RECORDS TO USE:
-- Opening Marker --
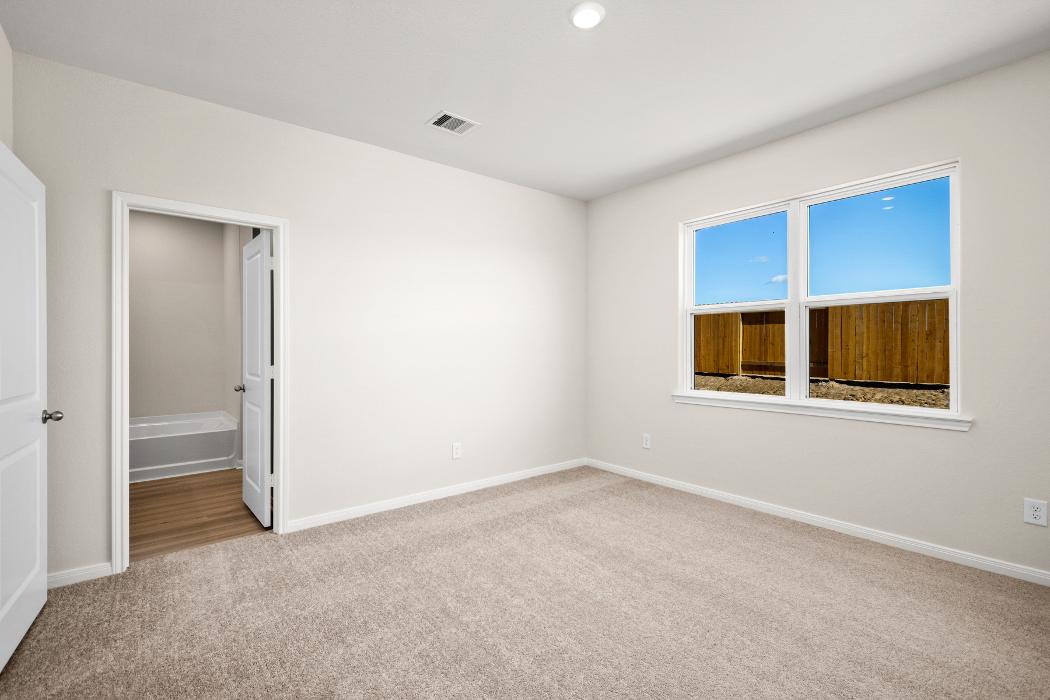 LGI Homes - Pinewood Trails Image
-- Closing Marker --
-- Opening Marker --
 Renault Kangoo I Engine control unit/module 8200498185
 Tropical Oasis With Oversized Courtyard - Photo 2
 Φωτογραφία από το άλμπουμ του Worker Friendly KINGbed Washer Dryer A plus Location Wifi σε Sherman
-- Closing Marker --
-- Opening Marker --
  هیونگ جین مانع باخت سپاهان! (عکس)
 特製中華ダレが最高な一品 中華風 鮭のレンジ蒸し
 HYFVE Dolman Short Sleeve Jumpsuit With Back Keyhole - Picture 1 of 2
-- Closing Marker --
TASK OBJECTIVE: Pull each line containing the word "With" out of the data above.

TASK RESPONSE:
 Tropical Oasis With Oversized Courtyard - Photo 2
 HYFVE Dolman Short Sleeve Jumpsuit With Back Keyhole - Picture 1 of 2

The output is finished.